Protect Your Encryption Key

If you lose the FIELD_ENCRYPTION_KEY, all stored credentials become unrecoverable. Back it up securely.

TOTP-Based MFA

Pipelit supports Time-based One-Time Password (TOTP) for multi-factor authentication:

  • Standard TOTP compatible with authenticator apps (Google Authenticator, Authy, etc.)
  • Rate limiting on failed attempts
  • Account lockout after repeated failures

Agent Identity Verification

When agents communicate with each other (e.g., via spawn_and_await), they can verify identity using TOTP:

  • Each agent user has a TOTP secret
  • The get_totp_code tool retrieves the current code
  • Receiving agents can verify the code to confirm the sender's identity
  • Prevents unauthorized agent impersonation

Credential Scope

Credentials are global — any authenticated user can use any credential for workflow execution. The user_profile field on credentials tracks who created them, not ownership.

Agent Users

Agent users are special accounts created for automated operations:

  • Created without passwords (API key only) via create_agent_user
  • Separate API keys from the owner's personal key
  • Used for agent-to-agent communication and self-modification

Best Practice

Never use your personal API key for agent operations. Always create separate agent users with their own API keys.

Sandboxed Code Execution

Agent shell commands run inside an OS-level sandbox that isolates each workspace from the host filesystem, environment variables, and network. The sandbox uses bubblewrap (bwrap) on Linux with an Alpine rootfs, or container-level isolation when running inside Docker/Kubernetes.
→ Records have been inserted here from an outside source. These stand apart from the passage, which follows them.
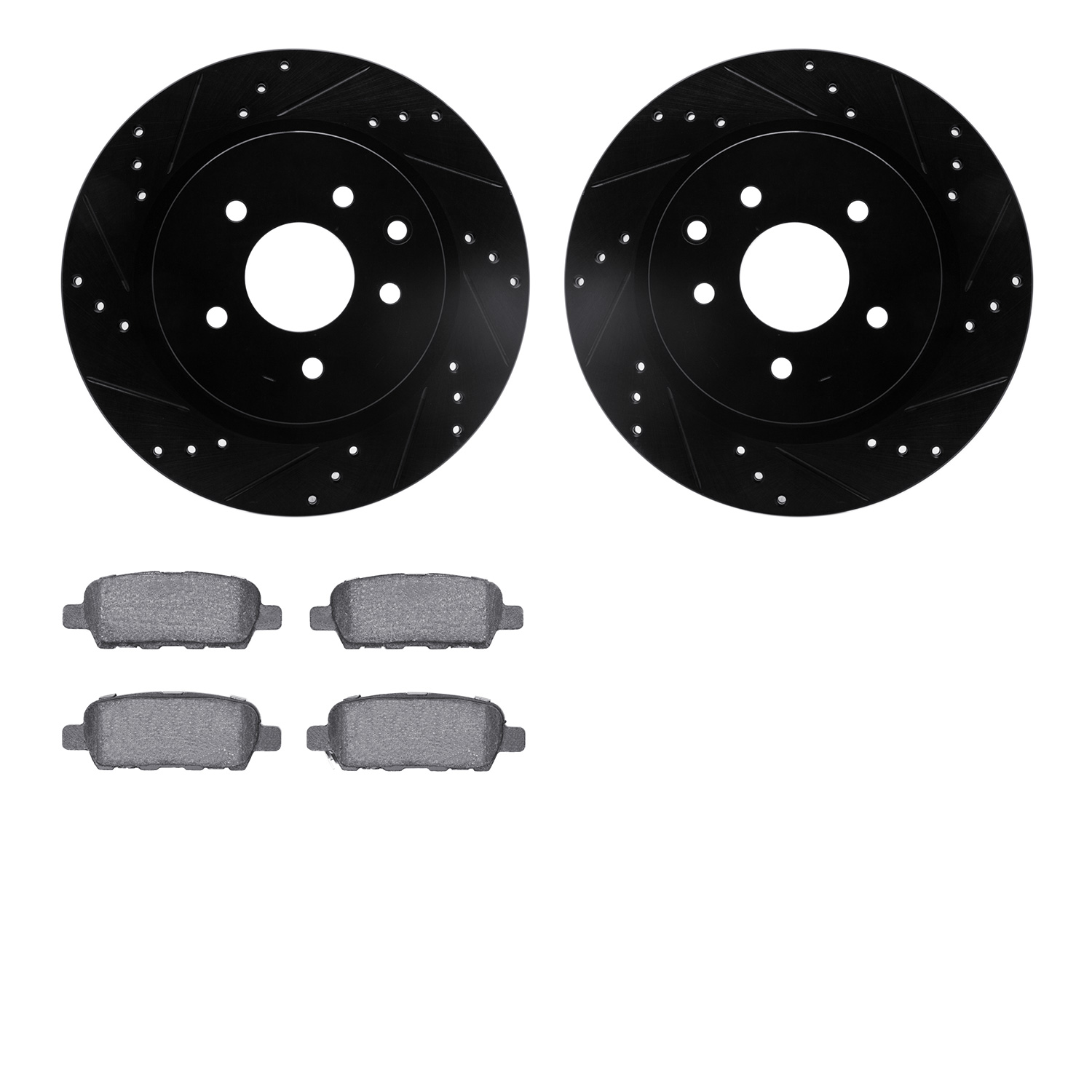 8302-67100 Drilled/Slotted Brake Rotors with 3000-Series Ceramic Brake Pads Kit [Black], 2005-2021 Infiniti/Nissan, Position: Re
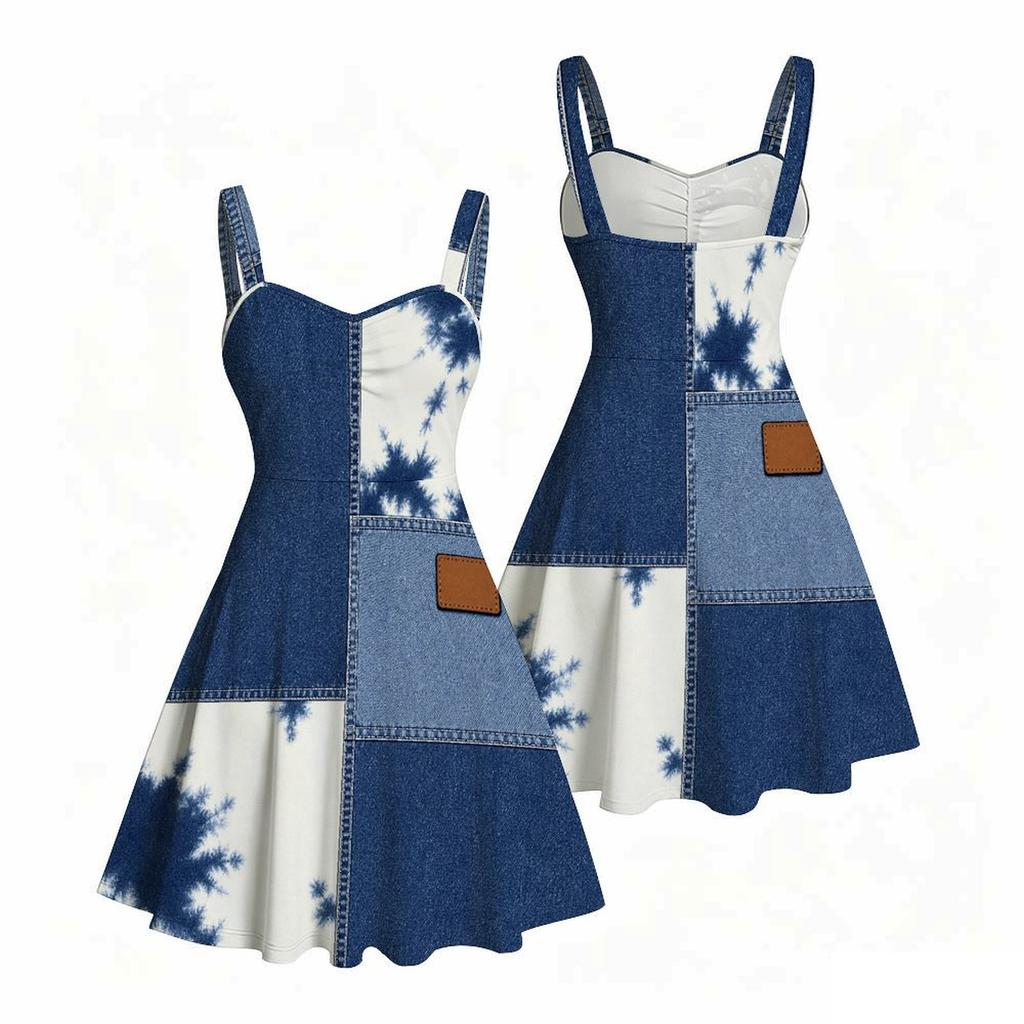Women Plus Size Sweetheart Neck Strappy Off Shoulder Sleeveless Dress Abstract Printed Blue Beige Flared Hem
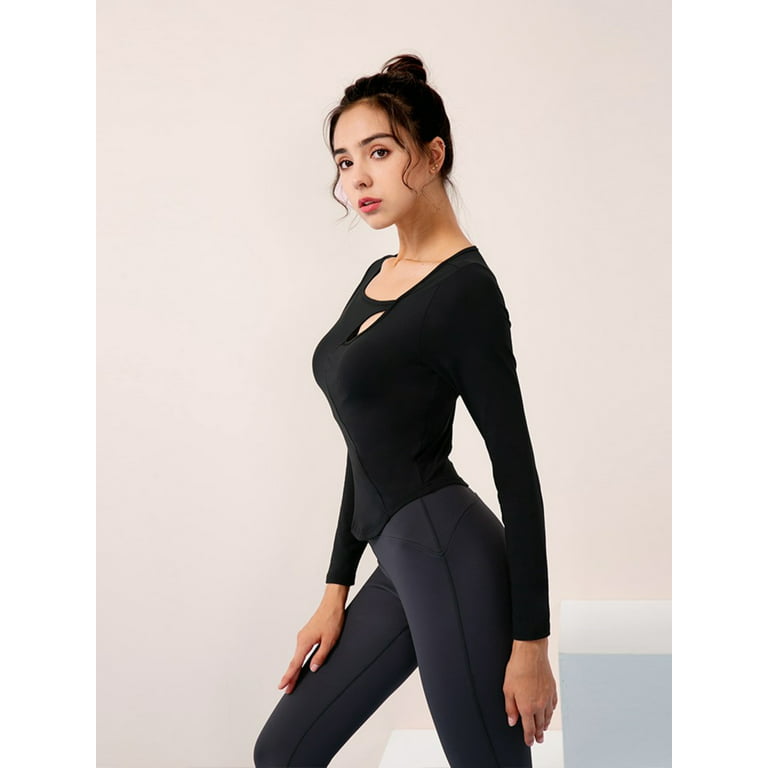 Sexy Women Long Sleeve Yoga Shirts Sport Top Jogging Fitness Gym Sportswear  Running T-shirt Solid Tight Blouse Workout Push Up - AliExpress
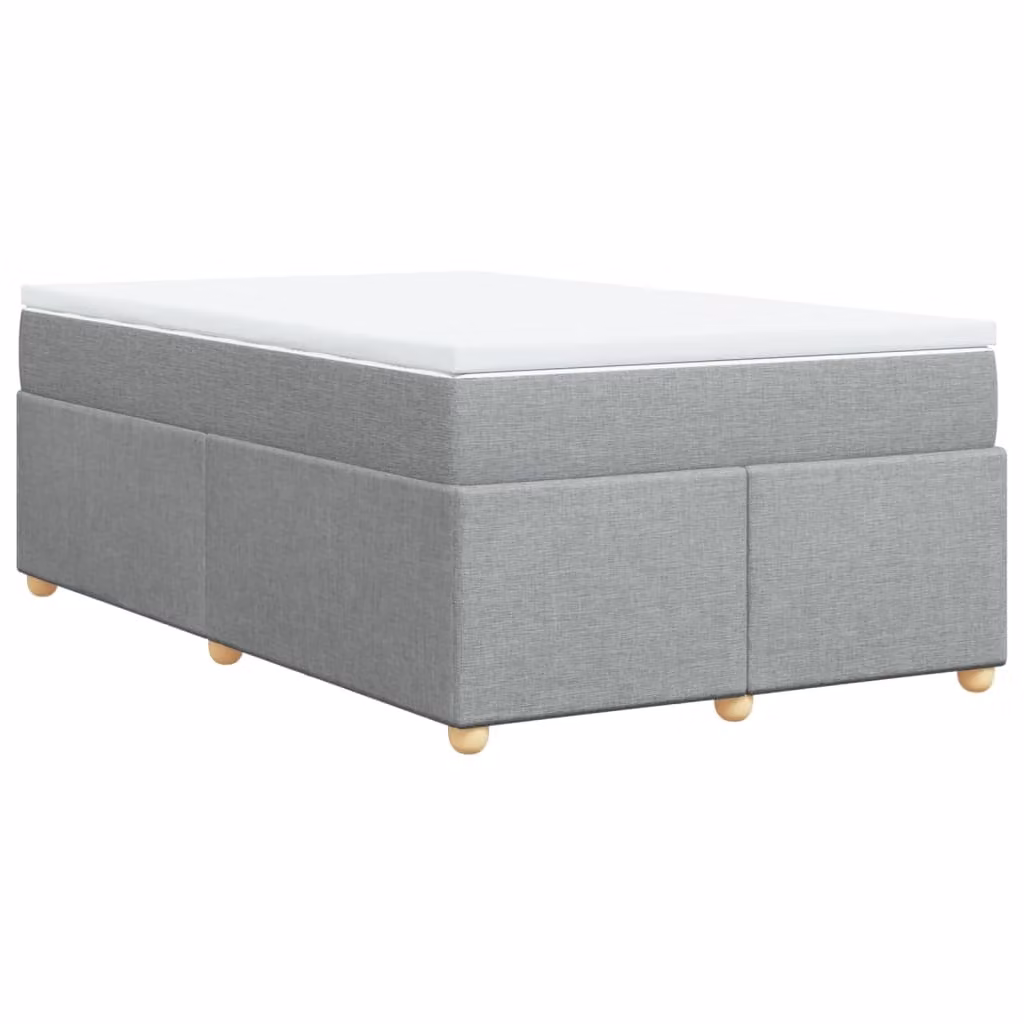 Giroletto a Molle con Materasso Grigio Chiaro 120x190cm Tessuto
If no sandbox is available, execution is refused — Pipelit does not fall back to unsandboxed execution.

Key protections:

  • Filesystem isolation — agents can only read/write their workspace directory and /tmp
  • Environment scrubbing — host secrets in environment variables are not visible
  • Network control — network access is configurable per workspace
  • Process namespace — agents cannot see host processes

See Sandbox for the full architecture, detection logic, and configuration.

Security Checklist

Item Development Production
FIELD_ENCRYPTION_KEY Generate any key Generate and securely store
SECRET_KEY Default OK Must change
CORS_ALLOW_ALL_ORIGINS true OK Set to false
DEBUG true OK Must be false
HTTPS Not required Required
Redis auth Not required Enable requirepass
Bubblewrap Must be installed Must be installed (or run in container)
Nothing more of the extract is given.